Village in Bedfordshire, England

Clifton is a village and civil parish in the English county of Bedfordshire. The original hundred of Clifton is named after it.

The original "hundred" comprised: The Parishes of Arlesey; Campton-Cum-Shefford; Chicksands; Clifton; Henlow; Holwell; Meppershall; part of Shillington; Lower Stondon; Little Holwell; Stotfold; Upper Stondon.

The first recorded reference to Clifton is in 944 when it is referred to as Cliftune. Clifton is also mentioned in the Domesday Book. The entry reads:

Cliftone: William de Cairon from Bishop of Lincoln, Eudo FitzHubert and Nigel d'Aubigny; Leofwin from St. Benedict's of Ramsey; Alwin from Countess Judith. 2 mills.

All Saints Church, built in the 14th and 15th centuries was heavily restored in the nineteenth century.

Clifton village is now a popular place to live as a consequence of its good transport links and proximity to the railway station at Arlesey.

Clifton was voted Bedfordshire Village of the Year in 2003, 2005 and 2009. It is today largely residential, but in the past it was a centre for straw plaiting. The original All Saints school was a "Straw Plait School" where children were expected to learn to plait straw from as young as four years of age. They would also be taught to read.

There was also once a small factory producing bottled drinks. Harwoods Mineral Water Factory
 operated from 1880 until 1947. Harwoods produced Hops Bitters, Cherry Cider, Stone Ginger Beer, Lime Juice and Soda, and Ginger Ale and sold them to the pubs and shops of all the surrounding villages.

Samuel Whitbread Academy is also located in the village of Clifton. Clifton was visited by the Queen and Prince Philip on 17 November 2006 as part of a visit to reopen the school.

Facilities in Clifton include a lower school, butcher, post office/village store and two public houses (The Golden Lion and The Admiral). There is also an Indian restaurant, garage, petrol station and a hairdresser. There is a small group of businesses located in converted farm buildings at Clifton Bury farm.

At the northern edge of the village is Clifton Cricket Club which plays at the Claybridge Ground.

Football is played at the Recreation ground. The Community Centre, with its large car park, is located at the Northern end of the Recreation Ground. All Saints' Church Hall is situated in Stanford Lane.

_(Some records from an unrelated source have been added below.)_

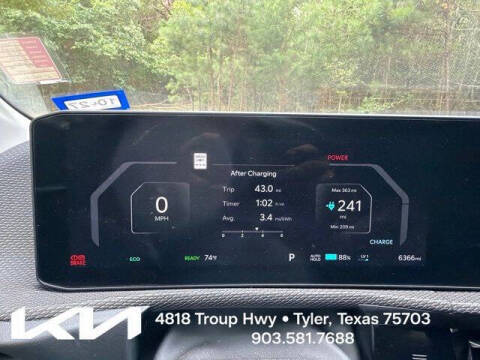 2025 Kia EV6 Wind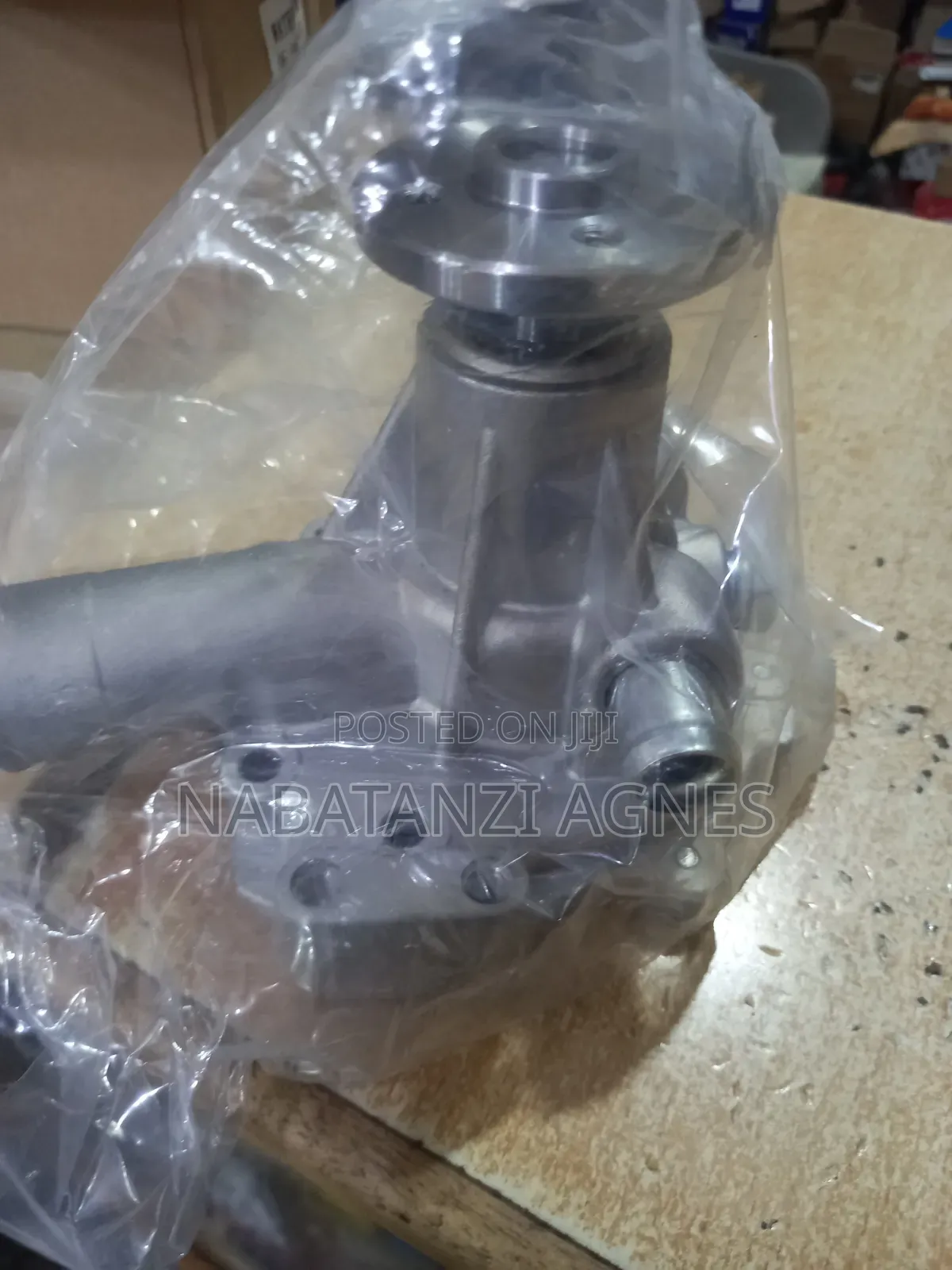 Water Pump.For Perkins Generator 20kv In Stock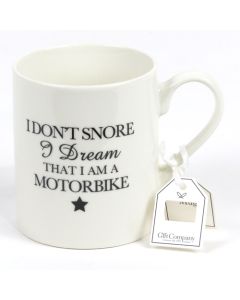Mug - Dream Motorbike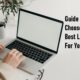 choosing the best laptop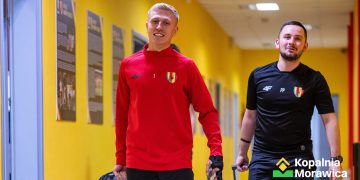 Błanik musiał przejść zabieg. Do Turcji poleci z opóźnieniem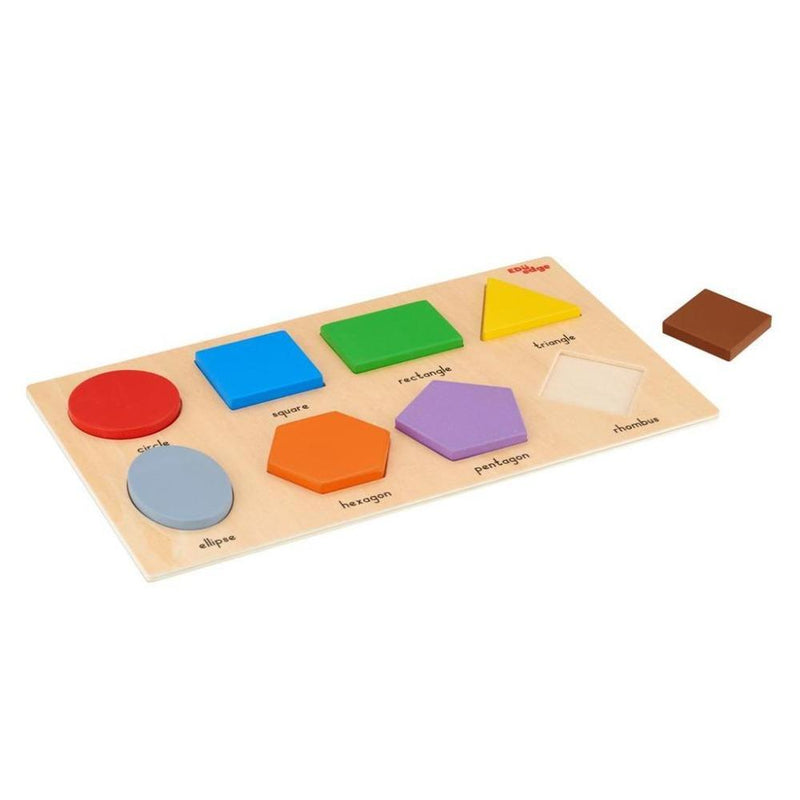 Eduedge Eight Shapes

There is a duckpond in the centre of the village.

English actor Ben Whishaw was born and grew up in Clifton.

== Geography ==
Clifton is located in the valley of the River Ivel which used to be navigable through the village. The highest point in the village is 62m above sea level at Hitchin Hill.

==Education==

There is an academy school, Clifton All Saints.